«No se mencionó esto durante nuestra reunión ministerial de finanzas del G7 a principios de esta semana, por lo que fue una sorpresa», dijo Dombrovskis.
“Lo que estábamos discutiendo en el G7 [is] «En realidad, ahora no es el momento de revertir las sanciones contra Rusia porque Rusia es en realidad el país que se está beneficiando de la guerra en Irán y está obteniendo sustanciales ganancias inesperadas debido a los mayores precios de la energía», añadió.

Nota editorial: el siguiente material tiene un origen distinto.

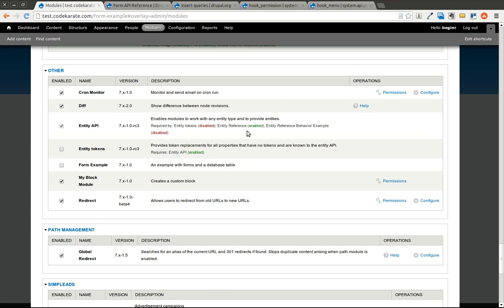Welcome to another Daily Dose of Drupal. This is Shane, brought to you by CodeCrowdy.com. Today we are working on episode number 21, and we are continuing what we started last time with a module called Form Example. Last time we created a database table in our module, and this time we are going to create a form page to submit or insert entries into that database table.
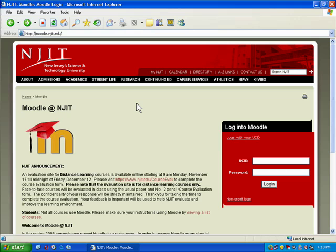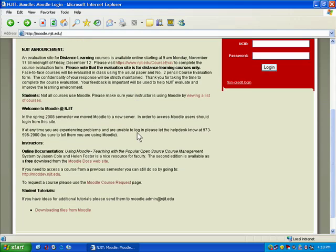The first thing you want to do if you're thinking about using Moodle is to go to the Moodle at NJIT page. The URL is http://moodle.njit.edu — note there's no www, just http. When you go to this site, you'll get some information and links to resources, including these tutorials. The key is: if you think you want to use it, you should request a course. By requesting a course, it will automatically create a Moodle course for whatever course you decide to use it with.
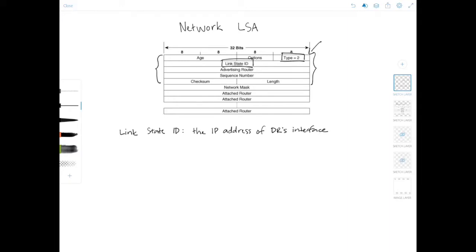The network mask specifies the subnet mask used on this network — something like 255.255.255.0, for example. The attached router fields list the router IDs of all routers on the multi-access network that are fully adjacent with the DR, and the DR itself. You can have a different number of attached routers depending on how many routers are connected to that network segment.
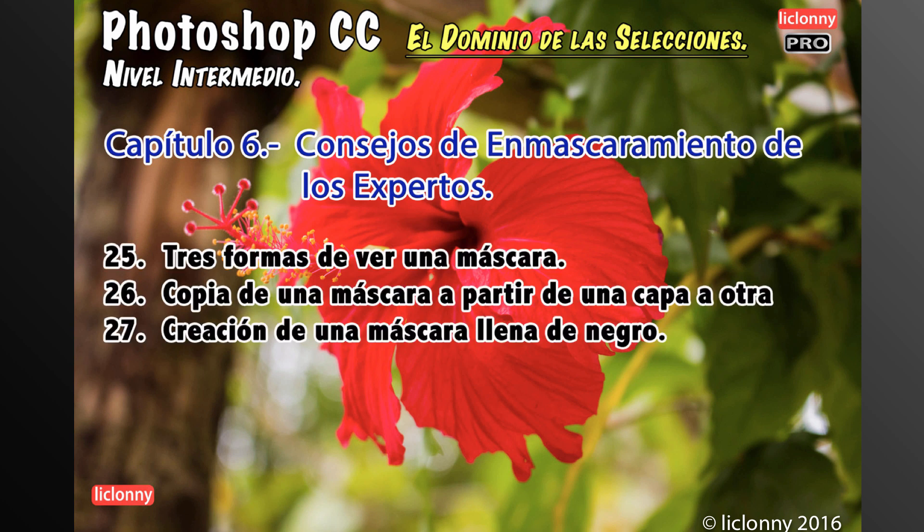El número 25, tres formas de ver una máscara. El 26, copia de una máscara a partir de una capa a otra. El 27, la creación de una máscara llena de negro. Como podrán ver, vamos a ver todas las facetas del enmascaramiento.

“Es importante mantener y, en todo caso, fortalecer las sanciones contra Rusia en [the] situación actual y ese es el punto en el que seguiremos insistiendo con nuestros socios internacionales, incluido el Reino Unido”.
El primer ministro británico, Keir Starmer, defendió la medida el miércoles y dijo a los parlamentarios que el Reino Unido había emitido “dos licencias específicas a corto plazo para implementar gradualmente las nuevas sanciones y proteger a los consumidores del Reino Unido”.
La medida fue motivada «en parte» por la necesidad de proteger a las empresas británicas de la «inestabilidad» en los mercados energéticos provocada por el conflicto de Oriente Medio, dijo el miércoles el ministro de Comercio, Chris Bryant, a los parlamentarios.
Según cifras del Centro de Investigación sobre Energía y Aire Limpio, los dos combustibles representan el 99 por ciento de las importaciones británicas procedentes de refinerías que procesan crudo ruso, lo que significa que su exención neutraliza efectivamente la nueva política de sanciones, anunciada en octubre del año pasado. La UE implementó una prohibición similar en enero.